= TASK PROMPT =
Everything in the listing below from the line containing "sleeveless v-neck dress" through the line containing "istock Pretty female" must be repeated exactly; the remaining lines are not wanted.

= SUPPLIED INFORMATION =
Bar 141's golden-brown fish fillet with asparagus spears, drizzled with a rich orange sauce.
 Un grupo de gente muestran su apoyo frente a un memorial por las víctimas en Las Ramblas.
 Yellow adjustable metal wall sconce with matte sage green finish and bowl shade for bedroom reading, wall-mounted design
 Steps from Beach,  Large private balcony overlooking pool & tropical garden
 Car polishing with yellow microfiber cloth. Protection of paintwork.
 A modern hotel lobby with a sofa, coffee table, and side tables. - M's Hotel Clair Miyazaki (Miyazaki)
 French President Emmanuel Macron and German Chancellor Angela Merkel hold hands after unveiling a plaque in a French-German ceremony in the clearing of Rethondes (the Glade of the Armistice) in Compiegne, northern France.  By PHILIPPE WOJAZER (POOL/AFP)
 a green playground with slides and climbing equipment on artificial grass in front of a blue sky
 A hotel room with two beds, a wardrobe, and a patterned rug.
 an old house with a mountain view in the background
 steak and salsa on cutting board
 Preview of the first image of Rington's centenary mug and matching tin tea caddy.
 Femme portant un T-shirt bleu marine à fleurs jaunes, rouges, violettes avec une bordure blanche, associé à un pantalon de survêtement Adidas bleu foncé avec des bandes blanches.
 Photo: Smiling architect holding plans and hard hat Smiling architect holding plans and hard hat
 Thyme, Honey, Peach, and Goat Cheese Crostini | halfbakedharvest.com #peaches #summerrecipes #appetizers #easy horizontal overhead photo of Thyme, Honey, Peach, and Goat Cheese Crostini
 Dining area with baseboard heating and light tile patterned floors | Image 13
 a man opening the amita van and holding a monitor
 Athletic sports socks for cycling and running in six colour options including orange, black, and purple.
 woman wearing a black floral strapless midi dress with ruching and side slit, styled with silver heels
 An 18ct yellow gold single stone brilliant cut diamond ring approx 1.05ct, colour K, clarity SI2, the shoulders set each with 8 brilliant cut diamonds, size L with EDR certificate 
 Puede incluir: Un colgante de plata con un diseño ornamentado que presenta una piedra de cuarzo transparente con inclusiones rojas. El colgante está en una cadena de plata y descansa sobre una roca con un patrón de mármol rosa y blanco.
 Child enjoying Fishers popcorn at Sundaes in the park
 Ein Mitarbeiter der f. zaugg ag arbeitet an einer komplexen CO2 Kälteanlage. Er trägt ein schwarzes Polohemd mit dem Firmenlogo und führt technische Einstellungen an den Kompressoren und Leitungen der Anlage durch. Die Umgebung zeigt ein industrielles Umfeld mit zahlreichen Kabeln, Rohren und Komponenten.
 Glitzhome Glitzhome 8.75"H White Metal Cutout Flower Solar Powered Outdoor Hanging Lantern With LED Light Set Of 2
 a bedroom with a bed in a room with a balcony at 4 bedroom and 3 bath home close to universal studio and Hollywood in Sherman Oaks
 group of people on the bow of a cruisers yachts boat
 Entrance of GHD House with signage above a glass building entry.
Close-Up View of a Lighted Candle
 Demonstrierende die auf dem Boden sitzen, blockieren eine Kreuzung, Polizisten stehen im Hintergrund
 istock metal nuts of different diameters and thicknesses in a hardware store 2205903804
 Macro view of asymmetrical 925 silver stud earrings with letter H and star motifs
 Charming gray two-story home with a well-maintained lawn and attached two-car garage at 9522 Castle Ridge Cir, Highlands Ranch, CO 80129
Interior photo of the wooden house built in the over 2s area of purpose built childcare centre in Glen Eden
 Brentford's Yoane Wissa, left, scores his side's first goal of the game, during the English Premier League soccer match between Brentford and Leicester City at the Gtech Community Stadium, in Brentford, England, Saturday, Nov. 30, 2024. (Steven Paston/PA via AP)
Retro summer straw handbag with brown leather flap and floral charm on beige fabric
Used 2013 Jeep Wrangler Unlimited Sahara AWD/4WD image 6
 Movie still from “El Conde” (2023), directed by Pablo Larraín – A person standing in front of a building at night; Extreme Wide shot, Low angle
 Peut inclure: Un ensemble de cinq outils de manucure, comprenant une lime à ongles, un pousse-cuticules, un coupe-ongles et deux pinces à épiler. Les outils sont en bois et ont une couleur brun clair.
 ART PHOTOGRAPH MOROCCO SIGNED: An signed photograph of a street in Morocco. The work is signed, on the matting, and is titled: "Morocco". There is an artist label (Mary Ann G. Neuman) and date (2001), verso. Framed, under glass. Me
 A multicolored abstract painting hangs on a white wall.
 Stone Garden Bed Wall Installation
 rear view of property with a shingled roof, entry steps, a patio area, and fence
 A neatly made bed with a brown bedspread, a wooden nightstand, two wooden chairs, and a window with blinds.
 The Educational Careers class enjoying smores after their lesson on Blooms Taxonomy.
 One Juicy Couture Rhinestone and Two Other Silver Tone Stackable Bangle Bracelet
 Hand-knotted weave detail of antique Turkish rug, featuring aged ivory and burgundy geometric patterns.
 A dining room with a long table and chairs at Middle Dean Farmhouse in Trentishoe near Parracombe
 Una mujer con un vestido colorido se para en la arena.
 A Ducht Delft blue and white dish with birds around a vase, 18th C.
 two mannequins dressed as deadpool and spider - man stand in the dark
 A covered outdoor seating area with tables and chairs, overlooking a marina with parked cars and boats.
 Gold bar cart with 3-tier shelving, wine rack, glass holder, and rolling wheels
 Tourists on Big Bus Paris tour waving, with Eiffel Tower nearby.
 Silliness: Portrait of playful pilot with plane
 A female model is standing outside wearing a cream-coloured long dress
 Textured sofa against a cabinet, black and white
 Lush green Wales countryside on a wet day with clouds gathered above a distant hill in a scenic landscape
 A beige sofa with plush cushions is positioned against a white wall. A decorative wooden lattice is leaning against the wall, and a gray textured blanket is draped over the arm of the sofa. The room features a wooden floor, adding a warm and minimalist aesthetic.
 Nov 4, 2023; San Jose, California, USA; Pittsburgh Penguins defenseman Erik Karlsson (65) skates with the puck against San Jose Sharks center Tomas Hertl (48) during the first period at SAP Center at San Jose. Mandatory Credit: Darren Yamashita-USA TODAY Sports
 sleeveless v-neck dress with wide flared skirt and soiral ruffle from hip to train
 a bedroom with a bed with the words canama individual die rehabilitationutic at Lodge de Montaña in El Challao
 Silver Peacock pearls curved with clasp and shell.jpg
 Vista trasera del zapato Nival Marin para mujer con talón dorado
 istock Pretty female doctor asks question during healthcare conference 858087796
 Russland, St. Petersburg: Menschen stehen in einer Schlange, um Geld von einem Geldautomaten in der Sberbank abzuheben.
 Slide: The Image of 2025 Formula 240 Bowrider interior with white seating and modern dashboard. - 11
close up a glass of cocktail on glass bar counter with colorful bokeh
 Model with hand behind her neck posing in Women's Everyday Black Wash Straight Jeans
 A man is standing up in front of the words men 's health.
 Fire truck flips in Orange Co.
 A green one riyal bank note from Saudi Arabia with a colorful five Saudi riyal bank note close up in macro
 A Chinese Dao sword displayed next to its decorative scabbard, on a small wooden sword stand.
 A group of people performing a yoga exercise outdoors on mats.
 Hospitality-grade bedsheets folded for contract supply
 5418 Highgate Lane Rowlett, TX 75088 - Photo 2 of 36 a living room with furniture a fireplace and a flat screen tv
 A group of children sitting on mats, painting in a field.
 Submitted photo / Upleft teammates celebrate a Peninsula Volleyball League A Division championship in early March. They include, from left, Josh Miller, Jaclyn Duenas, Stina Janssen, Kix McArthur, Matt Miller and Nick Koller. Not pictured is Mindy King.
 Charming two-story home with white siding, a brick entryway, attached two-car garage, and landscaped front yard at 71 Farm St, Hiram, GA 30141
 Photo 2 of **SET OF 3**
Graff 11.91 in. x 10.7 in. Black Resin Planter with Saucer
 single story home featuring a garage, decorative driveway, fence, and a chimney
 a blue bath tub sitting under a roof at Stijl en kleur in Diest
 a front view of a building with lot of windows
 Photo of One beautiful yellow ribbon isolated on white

= TASK ANSWER =
 sleeveless v-neck dress with wide flared skirt and soiral ruffle from hip to train
 a bedroom with a bed with the words canama individual die rehabilitationutic at Lodge de Montaña in El Challao
 Silver Peacock pearls curved with clasp and shell.jpg
 Vista trasera del zapato Nival Marin para mujer con talón dorado
 istock Pretty female doctor asks question during healthcare conference 858087796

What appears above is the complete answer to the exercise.